Esta imagen urbana de huerto cerrado –que venía a coincidir en su esencia con la figura de esa mujer tapada que, lejos del recato de su indumentaria, escondía picardía, coquetería y sensualidad– alcanzó el siglo XVIII, cuando, en palabras del mismo historiador, el aspecto de Lima

…sigue siendo austero y sombrío como el de un claustro. Los viejos solares, de portalones solemnes, los zaguanes oscuros y las altas cercas de los monasterios, prestan sombra y silencio a las calles. [...] Pero tras la apariencia grave, el alma de la ciudad se sonreía, como el rostro de la tapada bajo el manto encubridor. [...] Tras de los muros de los conventos surgía la alegre fiesta de los jardines y de los azulejos, y en los claustros propicios el libertinaje triunfaba ya sobre la oración. (1994, p. 97)

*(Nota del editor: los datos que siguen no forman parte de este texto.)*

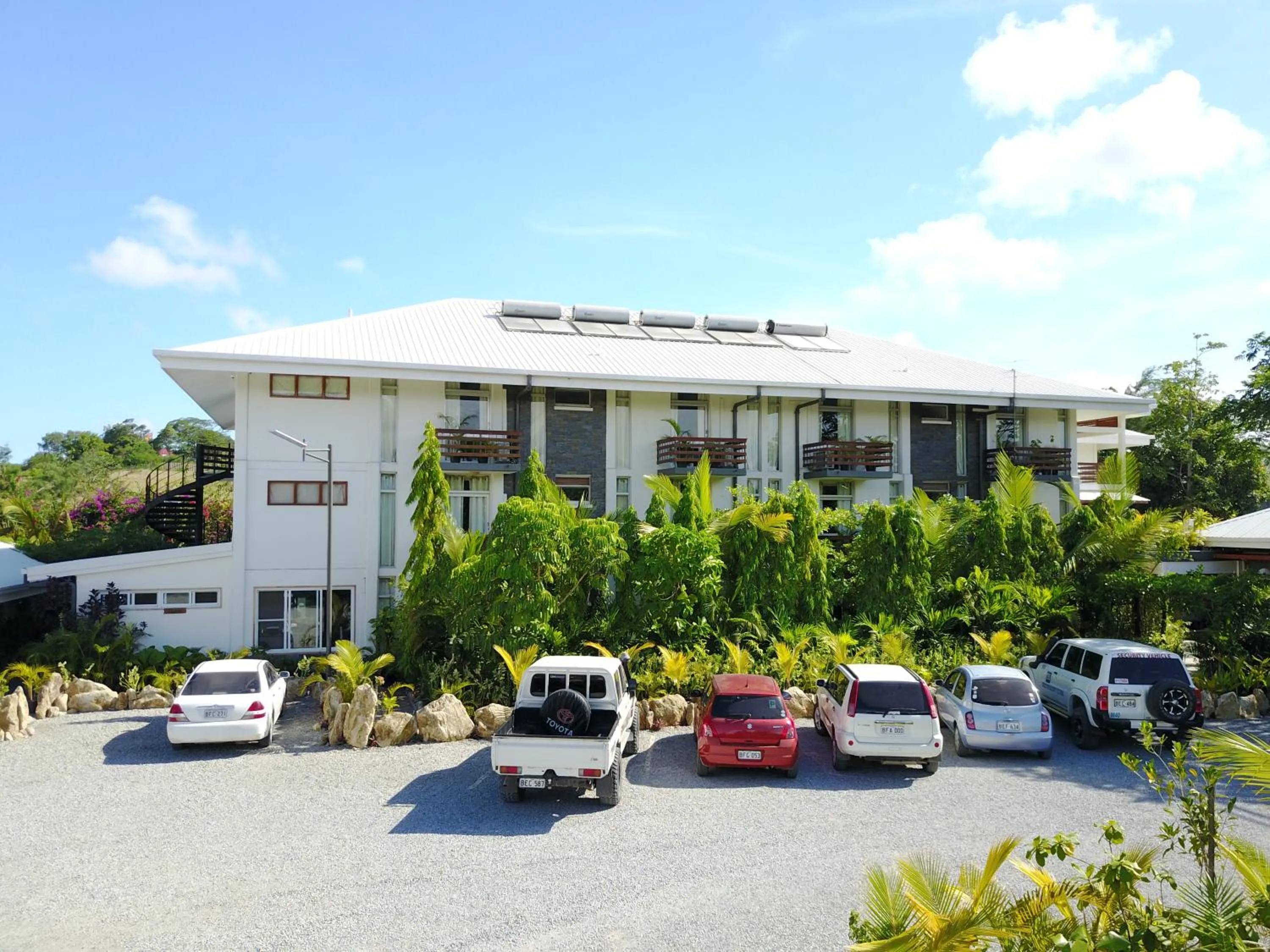 The Sanctuary Hotel Resort Spa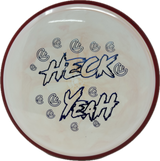 FDG Heck Yeah Hex-Foundation Disc Golf-Foundation Disc Golf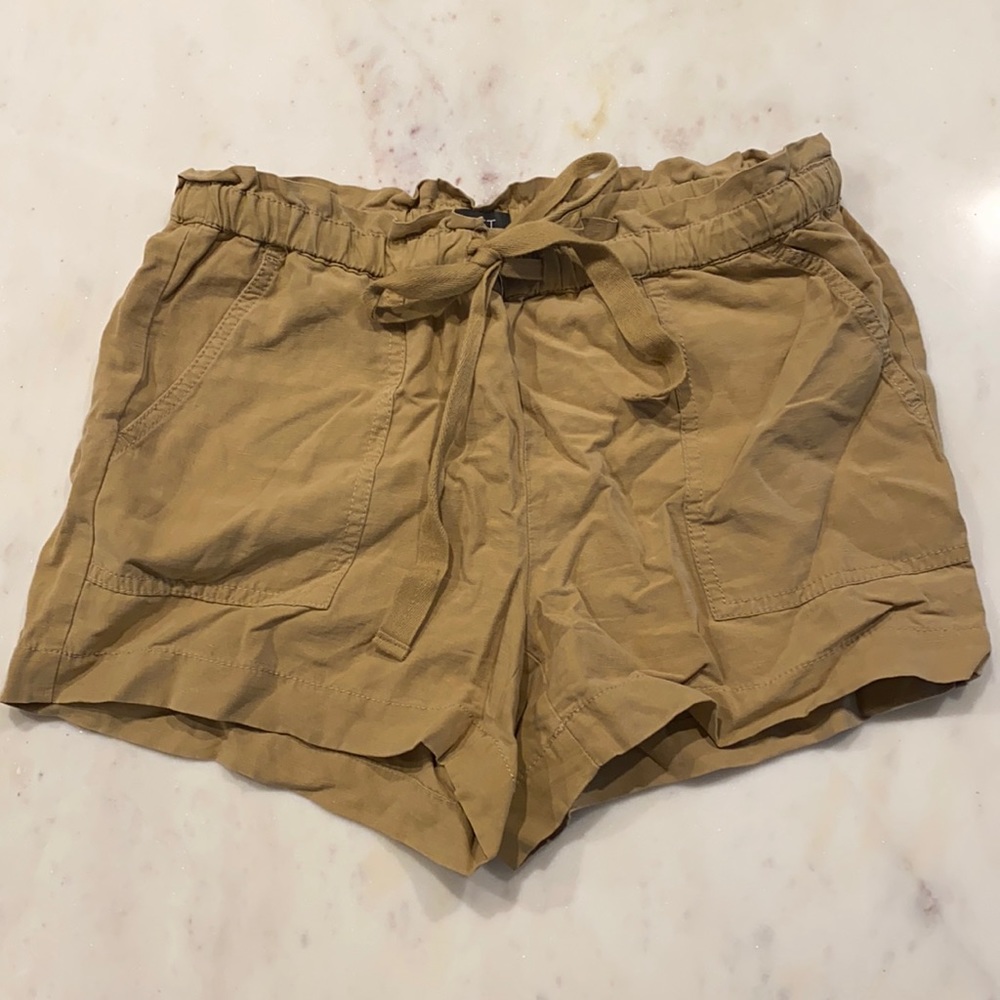 Loft flowy shorts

En este mismo siglo, un andaluz llegó a Lima, concretamente en 1787. Se trata de Esteban de Terralla y Landa, poeta que escribió versos mordaces y satíricos, que le valieron su consideración como discípulo o continuador de la tradición inaugurada por el conocido como “el Quevedo peruano”, Juan del Valle y Caviedes[3]. Nos interesa sobre todo aquí su panfleto Lima por dentro y fuera, uno de los testimonios literarios de aquellos primeros siglos en los que Lima penetra en los espacios de la escritura. La obra es un gran cuadro costumbrista salpicado de localismos peruanos, donde caben todos los tipos sociales de la Lima colonial y, entre ellos, la limeña ocupa un lugar de especial relevancia e interés. Terralla, cáustico y socarrón, denuncia en el extenso poema el materialismo imperante en las relaciones humanas y satiriza la frivolidad de las mujeres, descargando todo su sarcasmo en una diatriba contra la ciudad de los virreyes, sus grandezas y miserias.


Max Radiguet

 

La sal criolla que caracterizará más tarde a los costumbristas peruanos decimonónicos ya comenzó a derrocharse en cada una de las descripciones de Terralla, pero también en las de otro conocidísimo autor dieciochesco, Alonso Carrió de la Vandera (Concolorcorvo), en su Lazarillo de ciegos caminantes. En las obras de ambos autores la limeña ocupa un lugar preferente, reflejo y prueba del especial protagonismo de la mujer en la Lima del momento. De hecho, tanto Concolorcorvo como Terralla y Landa construyeron las primeras manifestaciones literarias en las que la limeña se sitúa en el centro de la escena. Concolorcorvo describe su vestimenta, la saya que ceñía las caderas y el manto que dejaba un solo ojo al descubierto:

…las limeñas ocultan este esplendor con un velo nada transparente en tiempo de calores, y en el de fríos se tapan hasta la cintura con doble embozo, que en realidad es muy extravagante. Toda su bizarría la fundan en los vaxos, desde la liga hasta la planta del pie. (1980, p. 414).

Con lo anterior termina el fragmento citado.